From Moscow's View, US Seems to Miss Cold War

Russians see US plot behind KGB spy case and concerns about their ties with Serbia

KGB moles high in the Central Intelligence Agency. Russian paratroopers deploying in Sarajevo to the cheers of Serbs. President Boris Yeltsin promising a new, more assertive foreign policy to defend Russian national interests.

In the heated rhetoric of congressmen and pundits in Washington, all this adds up to a picture of the Russian bear on the prowl again. But to Russia's politicians and commentators, all this is evidence that the American eagle is again aloft, eager to keep its domination as the world's sole superpower.

``Our diplomatic success in Bosnia seems to have given the Americans a slap in the face,'' commented Alexander Vasilyev in the popular daily Komsomolskaya Pravda last week. ``That accounts for the timing of the Ames [spy] case. Now Washington needs to snub Moscow, to remind us who is the master on this planet.''

This view can be found in the pages of every Russian paper or on television, and repeated to Westerners in casual conversation. It is universally believed here that the disclosure of the alleged Russian mole, Aldrich Ames, was a response to Washington's discomfort over Russia's successful and more-assertive diplomacy in the Bosnian crisis.

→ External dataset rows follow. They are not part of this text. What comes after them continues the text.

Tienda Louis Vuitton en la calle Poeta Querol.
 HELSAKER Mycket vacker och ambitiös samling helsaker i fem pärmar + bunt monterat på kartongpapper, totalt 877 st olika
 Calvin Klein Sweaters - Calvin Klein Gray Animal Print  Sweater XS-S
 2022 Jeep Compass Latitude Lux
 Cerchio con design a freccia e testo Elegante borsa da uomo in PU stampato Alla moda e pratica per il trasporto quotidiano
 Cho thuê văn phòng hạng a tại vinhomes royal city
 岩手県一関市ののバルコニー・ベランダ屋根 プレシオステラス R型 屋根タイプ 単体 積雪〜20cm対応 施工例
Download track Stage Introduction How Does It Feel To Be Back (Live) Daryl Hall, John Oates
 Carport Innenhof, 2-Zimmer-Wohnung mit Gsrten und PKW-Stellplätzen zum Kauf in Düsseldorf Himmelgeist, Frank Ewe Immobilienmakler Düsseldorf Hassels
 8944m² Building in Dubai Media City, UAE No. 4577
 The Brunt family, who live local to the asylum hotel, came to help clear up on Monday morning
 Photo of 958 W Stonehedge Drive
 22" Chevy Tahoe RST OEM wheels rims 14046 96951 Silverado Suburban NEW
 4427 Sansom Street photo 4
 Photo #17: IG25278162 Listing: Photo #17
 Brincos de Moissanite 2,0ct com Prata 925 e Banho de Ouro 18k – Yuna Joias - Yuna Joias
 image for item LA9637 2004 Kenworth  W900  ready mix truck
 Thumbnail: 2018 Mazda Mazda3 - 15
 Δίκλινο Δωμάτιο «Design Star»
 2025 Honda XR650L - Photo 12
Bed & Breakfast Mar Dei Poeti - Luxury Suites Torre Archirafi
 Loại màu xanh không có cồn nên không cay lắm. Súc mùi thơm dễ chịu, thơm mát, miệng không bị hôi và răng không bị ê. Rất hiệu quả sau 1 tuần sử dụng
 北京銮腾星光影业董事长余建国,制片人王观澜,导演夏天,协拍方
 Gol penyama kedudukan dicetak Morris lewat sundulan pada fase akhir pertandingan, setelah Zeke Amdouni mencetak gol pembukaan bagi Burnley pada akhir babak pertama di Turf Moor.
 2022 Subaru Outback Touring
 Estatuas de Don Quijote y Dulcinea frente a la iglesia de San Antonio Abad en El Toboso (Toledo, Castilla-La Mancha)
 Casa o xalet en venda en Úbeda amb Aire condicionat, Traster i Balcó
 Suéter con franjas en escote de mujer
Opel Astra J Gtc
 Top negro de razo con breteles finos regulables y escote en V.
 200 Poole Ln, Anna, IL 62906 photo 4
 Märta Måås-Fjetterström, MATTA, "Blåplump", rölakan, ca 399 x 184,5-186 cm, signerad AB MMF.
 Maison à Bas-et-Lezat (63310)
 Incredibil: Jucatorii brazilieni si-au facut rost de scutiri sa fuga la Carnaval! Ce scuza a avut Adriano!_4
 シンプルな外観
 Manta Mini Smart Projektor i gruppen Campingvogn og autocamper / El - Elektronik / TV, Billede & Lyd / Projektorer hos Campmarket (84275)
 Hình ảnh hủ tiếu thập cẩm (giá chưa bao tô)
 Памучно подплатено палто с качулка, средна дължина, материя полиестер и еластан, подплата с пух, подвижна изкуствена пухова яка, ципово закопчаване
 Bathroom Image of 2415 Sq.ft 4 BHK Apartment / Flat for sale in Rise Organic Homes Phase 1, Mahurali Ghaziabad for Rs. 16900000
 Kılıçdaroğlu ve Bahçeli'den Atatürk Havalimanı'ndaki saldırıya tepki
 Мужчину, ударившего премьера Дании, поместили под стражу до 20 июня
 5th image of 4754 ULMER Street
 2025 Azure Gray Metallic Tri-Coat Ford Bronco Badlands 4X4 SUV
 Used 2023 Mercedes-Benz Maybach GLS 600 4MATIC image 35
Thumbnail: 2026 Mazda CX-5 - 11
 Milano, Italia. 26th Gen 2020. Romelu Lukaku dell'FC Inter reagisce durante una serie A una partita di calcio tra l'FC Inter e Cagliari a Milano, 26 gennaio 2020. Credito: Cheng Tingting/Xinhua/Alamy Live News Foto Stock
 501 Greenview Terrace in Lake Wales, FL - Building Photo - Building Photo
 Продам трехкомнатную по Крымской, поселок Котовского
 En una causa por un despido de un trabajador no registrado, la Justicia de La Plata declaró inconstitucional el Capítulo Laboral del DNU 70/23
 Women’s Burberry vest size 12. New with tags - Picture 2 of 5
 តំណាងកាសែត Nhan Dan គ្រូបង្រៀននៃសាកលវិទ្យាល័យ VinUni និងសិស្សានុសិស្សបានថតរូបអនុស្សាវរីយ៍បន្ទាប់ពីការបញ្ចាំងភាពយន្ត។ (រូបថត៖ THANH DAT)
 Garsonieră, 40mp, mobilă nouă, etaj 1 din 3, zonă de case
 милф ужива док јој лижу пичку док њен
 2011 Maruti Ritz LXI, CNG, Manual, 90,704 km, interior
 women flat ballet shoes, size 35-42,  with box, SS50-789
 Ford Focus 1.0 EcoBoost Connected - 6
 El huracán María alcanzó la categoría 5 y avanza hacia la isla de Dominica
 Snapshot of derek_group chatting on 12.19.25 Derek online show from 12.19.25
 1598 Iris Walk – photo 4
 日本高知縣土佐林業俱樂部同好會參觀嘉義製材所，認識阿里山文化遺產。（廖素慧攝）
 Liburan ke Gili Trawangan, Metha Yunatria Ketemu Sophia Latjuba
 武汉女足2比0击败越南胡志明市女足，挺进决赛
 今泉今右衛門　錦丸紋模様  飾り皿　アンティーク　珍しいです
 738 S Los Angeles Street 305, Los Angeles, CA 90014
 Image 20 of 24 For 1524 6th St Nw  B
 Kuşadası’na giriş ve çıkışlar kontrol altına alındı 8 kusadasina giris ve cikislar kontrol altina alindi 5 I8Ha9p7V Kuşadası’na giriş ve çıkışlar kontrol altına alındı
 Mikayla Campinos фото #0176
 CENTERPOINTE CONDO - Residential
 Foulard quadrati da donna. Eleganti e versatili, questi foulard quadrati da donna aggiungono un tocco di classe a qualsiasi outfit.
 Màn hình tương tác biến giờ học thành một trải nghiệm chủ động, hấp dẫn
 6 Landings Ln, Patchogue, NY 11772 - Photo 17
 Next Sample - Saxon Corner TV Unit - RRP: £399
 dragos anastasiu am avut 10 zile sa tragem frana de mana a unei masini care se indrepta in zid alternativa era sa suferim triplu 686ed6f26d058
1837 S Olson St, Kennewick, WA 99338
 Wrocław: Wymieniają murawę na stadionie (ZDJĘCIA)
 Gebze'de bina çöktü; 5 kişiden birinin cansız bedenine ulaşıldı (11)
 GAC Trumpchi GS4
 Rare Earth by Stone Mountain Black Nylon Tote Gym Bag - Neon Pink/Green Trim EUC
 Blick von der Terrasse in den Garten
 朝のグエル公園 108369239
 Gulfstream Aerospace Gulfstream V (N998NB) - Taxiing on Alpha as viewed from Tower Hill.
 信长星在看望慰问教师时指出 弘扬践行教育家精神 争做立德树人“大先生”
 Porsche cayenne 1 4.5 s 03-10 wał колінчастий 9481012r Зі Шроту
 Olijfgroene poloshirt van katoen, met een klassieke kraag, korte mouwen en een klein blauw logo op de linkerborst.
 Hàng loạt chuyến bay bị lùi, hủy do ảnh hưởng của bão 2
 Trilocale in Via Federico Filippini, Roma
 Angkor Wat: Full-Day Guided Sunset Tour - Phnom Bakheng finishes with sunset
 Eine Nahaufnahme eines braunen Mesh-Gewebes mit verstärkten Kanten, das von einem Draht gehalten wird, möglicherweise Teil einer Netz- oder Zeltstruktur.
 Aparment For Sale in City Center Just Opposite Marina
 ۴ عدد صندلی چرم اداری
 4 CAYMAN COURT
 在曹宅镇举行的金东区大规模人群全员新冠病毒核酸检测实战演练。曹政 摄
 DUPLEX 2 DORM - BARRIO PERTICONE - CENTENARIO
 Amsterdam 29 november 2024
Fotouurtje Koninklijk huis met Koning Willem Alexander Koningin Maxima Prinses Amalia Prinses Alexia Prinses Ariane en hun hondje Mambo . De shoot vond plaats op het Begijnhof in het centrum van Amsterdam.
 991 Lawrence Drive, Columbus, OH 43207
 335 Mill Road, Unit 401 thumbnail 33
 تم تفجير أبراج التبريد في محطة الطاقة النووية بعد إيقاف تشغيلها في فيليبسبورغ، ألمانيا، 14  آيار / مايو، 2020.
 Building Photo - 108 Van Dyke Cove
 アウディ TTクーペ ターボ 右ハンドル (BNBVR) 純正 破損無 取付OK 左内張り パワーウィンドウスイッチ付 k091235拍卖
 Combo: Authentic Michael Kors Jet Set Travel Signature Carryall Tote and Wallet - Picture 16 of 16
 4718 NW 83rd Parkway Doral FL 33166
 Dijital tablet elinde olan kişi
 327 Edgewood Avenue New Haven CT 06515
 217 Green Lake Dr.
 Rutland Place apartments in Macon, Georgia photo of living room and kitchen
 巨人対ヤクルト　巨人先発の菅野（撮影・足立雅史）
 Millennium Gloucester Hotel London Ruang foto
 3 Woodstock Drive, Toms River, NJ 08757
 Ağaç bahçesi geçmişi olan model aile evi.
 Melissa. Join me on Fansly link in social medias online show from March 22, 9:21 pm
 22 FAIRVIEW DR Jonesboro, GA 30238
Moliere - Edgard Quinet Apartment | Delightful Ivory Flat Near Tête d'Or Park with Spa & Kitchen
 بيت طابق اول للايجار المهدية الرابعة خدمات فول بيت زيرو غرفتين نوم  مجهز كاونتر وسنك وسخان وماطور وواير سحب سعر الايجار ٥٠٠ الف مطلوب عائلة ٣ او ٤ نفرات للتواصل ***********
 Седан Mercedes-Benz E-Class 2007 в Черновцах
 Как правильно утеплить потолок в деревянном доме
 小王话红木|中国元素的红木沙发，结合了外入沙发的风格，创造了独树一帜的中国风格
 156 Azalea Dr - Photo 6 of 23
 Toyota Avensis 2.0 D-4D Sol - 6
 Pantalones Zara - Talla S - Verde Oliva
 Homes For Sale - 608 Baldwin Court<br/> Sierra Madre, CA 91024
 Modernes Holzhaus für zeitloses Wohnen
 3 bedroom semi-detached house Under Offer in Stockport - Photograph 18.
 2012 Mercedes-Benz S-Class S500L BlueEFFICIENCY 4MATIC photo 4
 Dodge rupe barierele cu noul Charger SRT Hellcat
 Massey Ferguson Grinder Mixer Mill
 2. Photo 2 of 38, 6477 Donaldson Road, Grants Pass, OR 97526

``Despite the touching handshakes and declarations of mutual love, it is evident that America doesn't need a strong and independent Russia,'' wrote Aleksei Novikov in Novaya Yezhednevnaya Gazeta on Feb. 25.

An even more harsh view is that American hawks have merely seized upon events in order to restart the cold war for their own ends. ``Apparently there are certain circles in American society that can be labeled `hawks,' '' wrote Vladimir Kuznechevsky in the daily Rossiskaya Gazeta last week, ``that were only seeking the appropriate pretext to hype this case.''

A longer analysis in the influential liberal newspaper Nezavisimaya Gazeta on Feb. 25 depicted Russia as facing a ``new containment'' policy by the United States. ``Russia's immediate task is to avoid a possible scenario of the ``new cold war'' that is being elaborated by the inexhaustible Washington strategists,'' the paper editorialized.

When it comes to the spy case itself, Russian opinion is totally at odds with Washington's apparent insistence that some great betrayal of the post-Soviet ``partnership'' has occurred. Russian officials and media point out that neither side has shown any sign of giving up intelligence activities.

THE US decision to oust Russian intelligence official Alexander Lysenko from Washington in retaliation for the Ames affair has been met with the expulsion of an American diplomat from Moscow. The diplomat, identified by Russian media as James Morris, is alleged to be a CIA official. Mr. Lysenko, Foreign Intelligence Service spokesman Yuri Kobladze points out, was an open representative of the service, carrying out new liaison activities with the CIA.

As for Mr. Ames, the veteran CIA counterintelligence officer was actually recruited in pre-perestroika Soviet times, in 1985, and was inherited by the Russian version of the KGB's foreign intelligence wing after the collapse of the Soviet Union at the end of 1991. ``It would be extremely stupid to reject the services of such a valuable agent,'' Ravil Mustafin wrote in the Army daily Red Star on Feb. 26. ``I am sure that had the Americans been in our shoes, they would have done the same thing.''

This series of mirror images being touted in Washington and Moscow are reminiscent in many ways of cold-war days, when suspicion of each side's motives was the rule, not the exception. Russian-US relations are burdened with this history, points out a Western diplomat here. ``In that sense,'' he says, ``I'm not surprised at what we've seen, a good deal of which is the product of misinterpretation and miscue rather than serious differences.''

In Bosnia-Herzegovina, both countries have held similar aims to bring about a peaceful negotiation of the conflict, to avoid a use of force. But both are also burdened by a domestic political context, in the Russian case a public opinion and parliament that is pro-Serbian and strongly against NATO military intervention.

NATO's Feb. 10 decision to threaten to launch airstrikes ``put them in a position to have a hard road to hoe on [the domestic] side or alternately to have the Western partnership under pressure,'' the Western diplomat explains. ``So what they did was they chose the most logical and effective road out of it - they got the Bosnian Serbs to withdraw.''

But the downing of Serbian jets yesterday by NATO fighters and the signs of renewed fighting around Sarajevo are likely to once again pose a similar tough choice to Moscow. This time an elegant exit may be much harder to find.